Por: Camila Gomes Victorino


Se você é vegana ou vegano ou apenas está curiosa(o) sobre o assunto, é possível que alguns limites dentro do veganismo tenham sido encontrados. De fato, viver em uma sociedade moderna totalmente dependente da exploração animal (veja texto: “O veganismo é o boicote universal?”) faz com que a maioria dos produtos comercializados atuais apresentem algum derivado de origem animal e, nem todos são viavelmente boicotáveis pelo vegano ou vegana mais assíduo. Entre eles, eu poderia citar os pneus de carro, bicicleta ou ônibus, que utilizam ácido esteárico provindo de derivados animais, ou podemos ir ainda mais longe e perceber que a própria agricultura usa insumos animais, principalmente a agricultura orgânica, para o plantio de vegetais (esterco de galinha, na maioria dos casos).
Os limites do veganismo existem, mas não fazem diferença para a libertação dos animais

É contando com os infindáveis produtos de difícil boicote, que uma grande maioria de pessoas ativistas, mesmo sabendo da exploração e violência por trás de seus hábitos alimentares, não se tornam veganos. Afirmam eles que o veganismo é por si só um movimento contraditório e até hipócrita porque é impossível viver em uma sociedade em que o uso de animais ou seus derivados seja deixado de lado e que mesmo no caso da permacultura, ainda assim precisaríamos de alguns animais de criação.
Eu acredito que existem sim muitos limites no veganismo, mas é muito cômoda a ideia de que, se não é perfeito, então melhor manter a exploração animal e comer logo um bife orgânico. De fato, depois do veganismo ter sido cultivado por décadas e décadas, sua semente cresceu no mundo de maneira tão exponencial que aqueles limites que pareciam sem solução alguma, agora começam a ser resolvidos e justamente por pessoas que continuaram a acreditar que um mundo sem exploração animal é sim possível e só depende da inventividade do ser humano. 

A agricultura orgânica e a própria permacultura nem sempre apoiam os ideais de libertação animal, mesmo sabendo de suas
consequências.

Vamos a um exemplo: a própria agricultura! Até algum tempo atrás, a agricultura orgânica era considerada tiro no pé e existia (ainda existe infelizmente) o argumento de que este modelo de agricultura não conseguiria produzir suficientemente para alimentar todos os seres humanos do planeta. Evidentemente, depois de muitos nós solucionados, notou-se que a maior parte da agricultura convencional produz vegetais para criação de animais ou para fins não alimentícios (como algodão) e não para alimentar os pobres e oprimidos. Foi assim que a agricultura orgânica começou a ganhar mais e mais terreno, mas chegou o ponto em que se notou que uma agricultura orgânica sem uso de animais seria impossível e então o veganismo seria impossível.
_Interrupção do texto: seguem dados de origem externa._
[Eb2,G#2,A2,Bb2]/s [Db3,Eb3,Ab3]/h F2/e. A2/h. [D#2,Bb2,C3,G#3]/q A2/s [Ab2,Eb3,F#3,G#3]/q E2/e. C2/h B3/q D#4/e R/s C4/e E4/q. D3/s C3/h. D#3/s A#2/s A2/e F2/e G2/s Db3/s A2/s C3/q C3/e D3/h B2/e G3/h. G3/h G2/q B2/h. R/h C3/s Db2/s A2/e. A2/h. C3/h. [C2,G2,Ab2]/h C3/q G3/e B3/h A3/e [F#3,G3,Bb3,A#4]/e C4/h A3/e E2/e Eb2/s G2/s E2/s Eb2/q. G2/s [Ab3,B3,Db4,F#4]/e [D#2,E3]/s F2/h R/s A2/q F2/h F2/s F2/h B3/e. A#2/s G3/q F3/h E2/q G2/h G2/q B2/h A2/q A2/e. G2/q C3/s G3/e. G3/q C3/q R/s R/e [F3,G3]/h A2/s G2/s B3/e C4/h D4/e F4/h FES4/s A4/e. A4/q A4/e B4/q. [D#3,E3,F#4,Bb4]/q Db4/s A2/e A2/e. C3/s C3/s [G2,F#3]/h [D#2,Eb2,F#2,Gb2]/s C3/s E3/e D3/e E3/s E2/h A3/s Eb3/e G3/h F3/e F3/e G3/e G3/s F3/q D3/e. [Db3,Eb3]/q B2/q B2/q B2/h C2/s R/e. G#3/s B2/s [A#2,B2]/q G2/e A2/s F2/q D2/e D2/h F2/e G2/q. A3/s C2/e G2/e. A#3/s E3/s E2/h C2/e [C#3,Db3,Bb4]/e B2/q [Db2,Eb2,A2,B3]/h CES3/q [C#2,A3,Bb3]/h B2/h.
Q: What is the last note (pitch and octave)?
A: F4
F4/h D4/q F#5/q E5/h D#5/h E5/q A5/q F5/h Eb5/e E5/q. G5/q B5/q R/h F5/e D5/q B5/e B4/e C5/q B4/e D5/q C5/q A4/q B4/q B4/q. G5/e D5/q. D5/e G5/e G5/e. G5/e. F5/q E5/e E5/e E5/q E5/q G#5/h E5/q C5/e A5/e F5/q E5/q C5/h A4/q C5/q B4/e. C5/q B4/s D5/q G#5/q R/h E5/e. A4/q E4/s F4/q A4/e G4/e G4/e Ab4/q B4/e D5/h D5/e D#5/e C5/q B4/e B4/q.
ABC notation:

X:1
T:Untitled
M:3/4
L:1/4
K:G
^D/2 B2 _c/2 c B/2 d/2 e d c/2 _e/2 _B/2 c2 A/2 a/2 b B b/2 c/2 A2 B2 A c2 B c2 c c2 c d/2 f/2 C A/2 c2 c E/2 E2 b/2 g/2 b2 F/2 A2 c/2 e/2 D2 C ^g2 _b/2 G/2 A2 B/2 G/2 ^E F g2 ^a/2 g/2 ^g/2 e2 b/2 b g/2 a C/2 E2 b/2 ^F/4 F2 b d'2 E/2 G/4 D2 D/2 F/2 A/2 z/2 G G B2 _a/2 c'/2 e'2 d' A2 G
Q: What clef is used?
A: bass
Será?
Como nem todos caíram na lorota de que o agronegócio seria a solução para a fome do mundo, algumas pessoas começaram a usar sua inventividade e sua preocupação com os direitos dos animais para gerar técnicas de agricultura vegana e, hoje, apesar de ainda pequeno, cresce um movimento de permacultura vegana no mundo, que produz muitos alimentos, sem exploração animal, sem esterco de galinha, pó ou carvão de osso.
O movimento de permacultura e agricultura orgânica vegana é cada vez mais forte na atualidade.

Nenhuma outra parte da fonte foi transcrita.